COMBAT CORRESPONDENT PROFILES SERIES
STEVE STIBBENS:  Semper Fi Correspondent  
MARC YABLONKA
 

When Steve Stibbens got to Vietnam in 1962, he had already been a reporter and photographer with Pacific Stars and Stripes in Japan. But even before that, as a Marine correspondent (MOS 4312), he had served as the Regimental Correspondent for the 5th Marines, 1st Marine Division at Camp Pendleton, California. He was no babe in the woods. In fact, he had already jumped off a few choppers. “I was a 26-year-old Marine buck Sergeant with eight years in the Corps when I got to Stripes. As a Marine Combat Correspondent, I'd been preparing for war all that time."
Stibbens' preparations were about to pay off. The late Al Chang, renowned photographer of the Korean War, had gone on a fact-finding mission to Vietnam quite early on. When he came back, he encouraged Steve to head south to Vietnam himself.
"This is the real one. You need to be there," Chang had told Steve. 
In the meantime, Steve began to bone up on war; he read books about World War II and Korea. He read "all the books," but then a trip to the library garnered him a book about the French war in Indochina, which was to prove insightful to him.
One of the things he realized was that the U.S. Marines were still thinking along the lines of large unit actions, not the guerilla warfare made popular by Ho Chi Minh's Viet Minh, later Viet Cong, communists. These were large unit actions, not the war that French had fought. 
"At the time, I just knew it would be great adventure," said Steve, and he began working his editors.  
When he arrived in Saigon In December of 1962, he set up a one-man Stars and Stripes bureau. He had an immediate mission: to cover the Christmas visit of Francis Cardinal Spellman, a hawkish supporter of the war in Vietnam.
Once Steve was safely in Saigon, he followed Al Chang's advice and headed to the Associated Press's Saigon bureau. It was there that he would meet civilian correspondents Malcolm Browne (who took the famous photo of the Buddhist monk Hoa Thuong Thich Quang Duc immolating himself on the Streets of Saigon), Peter Arnett (later of CNN), and Horst Faas, Saigon photo bureau chief. Coming to Saigon also afforded him the friendship of then New York Times reporter the late David Halberstam, Neil Sheehan (of United Press International), Life magazine's Larry Burrows (later to lose his life, along with the Associated Press’s Henri Huet, UPI’s Kent Potter, and Newsweek freelancer Keizaburo Shimamoto, in a helicopter shoot down over Laos during Operation Lamson 719), and Nick Turner of Reuters.

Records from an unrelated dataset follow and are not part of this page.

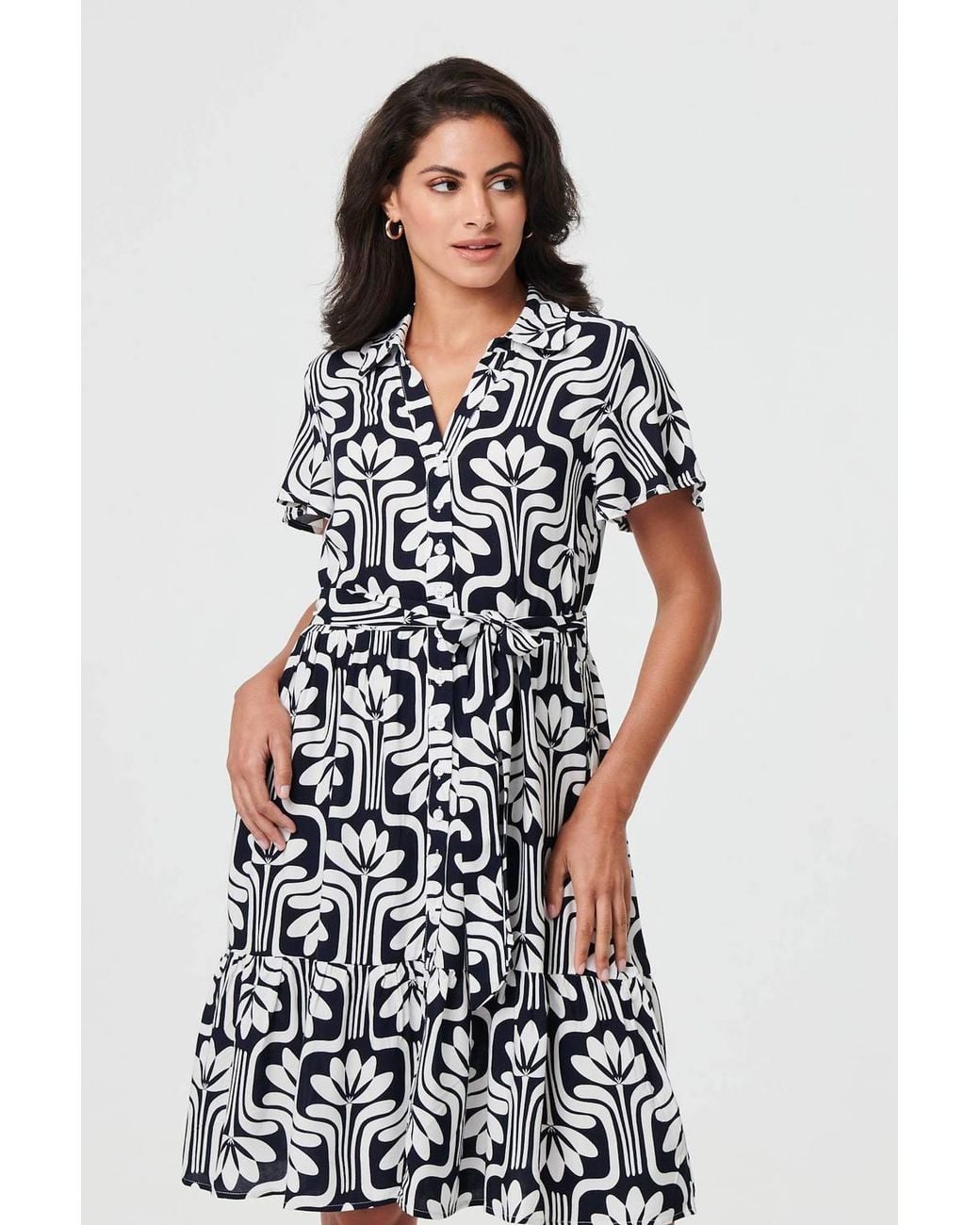 Izabel London Blue Printed Short Sleeve Mini Shirt Dress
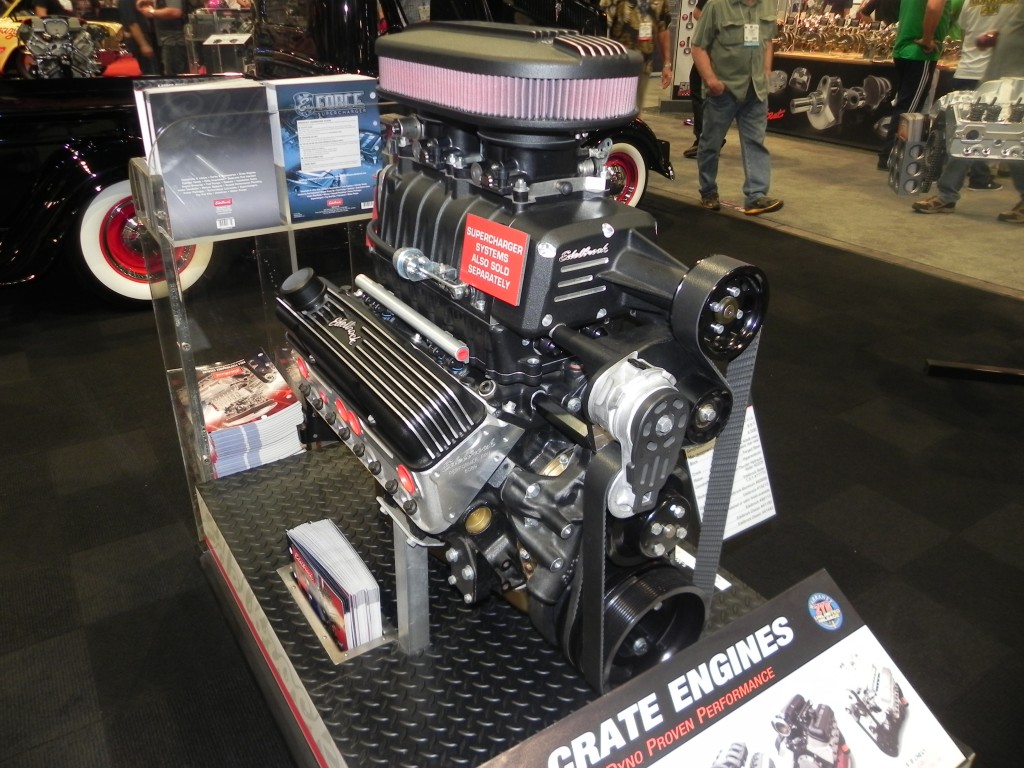 edelbrock supercharged crate engine on display at 2014 SEMA automotive trade show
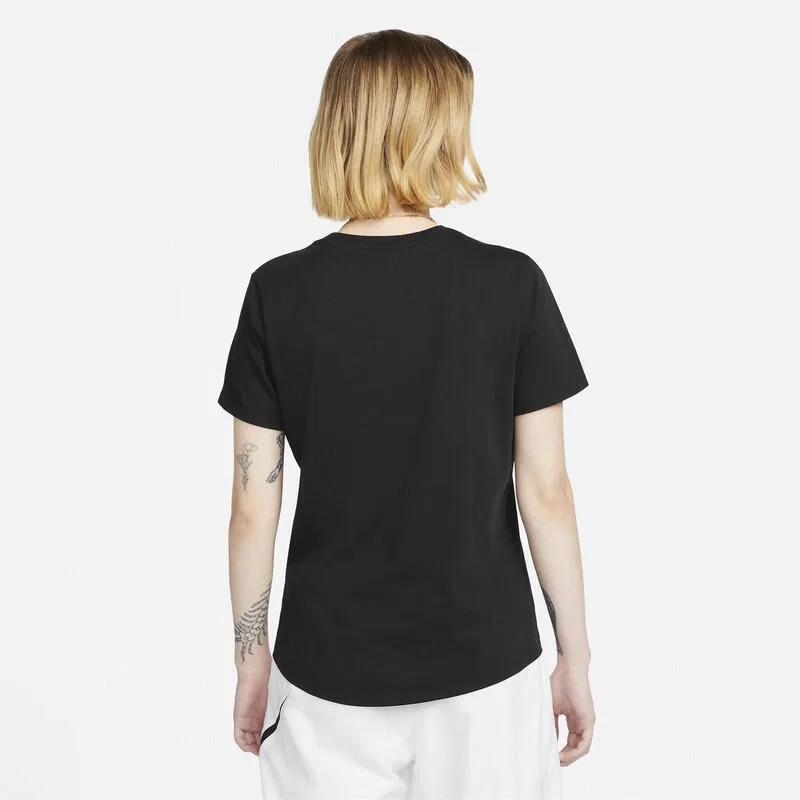 Женская хлопковая футболка Nike Club Essentials, Schwarz Weiß — фото 2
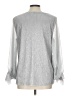 CeCe Metallic Silver Long Sleeve Blouse Size L - photo 2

It is safe to say that his admiration for Horst Faas and Faas's work knows no boundaries. Stibbens is quick to point out that by that time, Faas, who in 1997, along with renowned British photojournalist Tim Page, published the book
REQUIEM: BY THE PHOTOGRAPHERS WHO DIED IN VIETNAM AND INDOCHINA, had already experienced war when Faas himself had arrived in Vietnam, not only in his native Germany as a lad, but as an AP reporter in the Congo and Algeria. It was Faas who took Steve on his first combat operation.
"It was a dawn H-21 (Piasecki "Flying Banana") helicopter landing in the Mekong Delta south of Saigon. I just wanted not to do something stupid. I tried to hide my apprehension, but I really wondered how I would react to live bullets all around me. After all, I was a Marine." 
The bravado that would come with the next several years would develop later on though and not during that first mission. Stibbens and Faas were the first to jump out of the helicopter into the rice paddy where they immediately began to wade through the paddy's knee-deep water. Jumping out first, Horst taught Stibbens, was always safer because the enemy will not have had time to draw a bead on you if you are first out the door. 
To Stibbens relief, no shots were fired on either side. They "sloshed" into the nearest village. But before very long, the first bullets Stibbens wondered about began to kick up the dirt all around him. For some inexplicable reason, Huey gunships were firing at them. Luckily no one was hit, and the Hueys flew away.
"Very quickly, I was feeling like a veteran as we walked and walked and walked. We stopped on the trail for lunch, and Faas somehow located two large bottles of Biere Larue, a popular Vietnamese brew of the era. The South Vietnamese troops they accompanied commandeered some chickens from a local farmer; they ate, drank, and settled down for a siesta. Before the sun went down, they boarded a landing craft and made their way back to an ARVN (Army of the Republic of Vietnam) base. By dark they were back in Saigon.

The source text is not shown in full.